I really struggle to see where this fits in to most use cases. The appeal of the Pi back in the first iterations was being a relatively cheap linux computer with GPIO.

This (the 16GB version) should not fit into most use cases. You’re buying an expensive RAM chip with a Pi attached.

The cheaper 4GB or even 1GB versions ($50 for the latter) are what most people should be looking at for their projects.


I have decided that the Pi4 1GB is the ideal for hobbyists. Faster than Pi3, takes normal USB-C charging, and can do most single server or electronics jobs. Which is why it is currently sold out.

I agree... I use a Pi4B 8GB as a home server with a number of duties.

Less power consumption than the Pi 5 (and no heatsink), and it was the first to offer the combination of USB booting, more than 1GB RAM, and Gigabit Ethernet. And reasonably priced in 2019.


My personal fave RPi, the Zero W, is still $15 from Adafruit.

I really wish they made a new Zero that doesn't use ddr2 ram to ensure that it can still be made far into the future. As far as I'm aware, nobody is making ddr2 anymore

DDR2 is absolutely still made - there are industrial embedded applications that can't use anything else.

Is anyone making DDR5?

For AI, sure

Mostly HBM; uses more or less the same production lines so has displaced most DDR5 production.

The original vision IIRC was to provide a cheap computer for students in low-income families. You could plug into your TV at home and start learning.

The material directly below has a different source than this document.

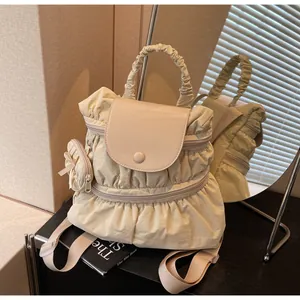 Detail view of beige pleated nylon backpack with flap closure and matching mini coin purse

Then the hobby community got wind of it and proceeded to buy out all the stock on every release (myself included, I still have one of every first 3 versions sitting in my cabinet)


At this stage I think the way to realize this "cheap computer" vision is in unlocking smartphones. Either with an OS that behaves like a real computer that you can put on an old/cheap commodity phone, or with an app that creates a programmable environment layered over and isolated from the suffocating mobile OS.

"an OS that behaves like a real computer that you can put on an old/cheap commodity phone": https://postmarketos.org/

"an app that creates a programmable environment layered over and isolated from the suffocating mobile OS": Android Virtualization Framework (AVF) on newer Android versions provides a hypervisor and a hardware-accelerated graphics (VirGL) for AVF virtual machines, allowing users to run an isolated Linux GUI desktop with low overhead.


There is an unbelievable amount of e waste created because OEMs locked the software down and stopped updating it. I have an android tablet which is functionally working but effectively useless.

I have been trying out the FX1s. It is a good replacement with some rough edges still. Better battery life than previous Pixel 6a and Fairphone 4.

Dock can not handle an Ultrawide 1440x3440 display.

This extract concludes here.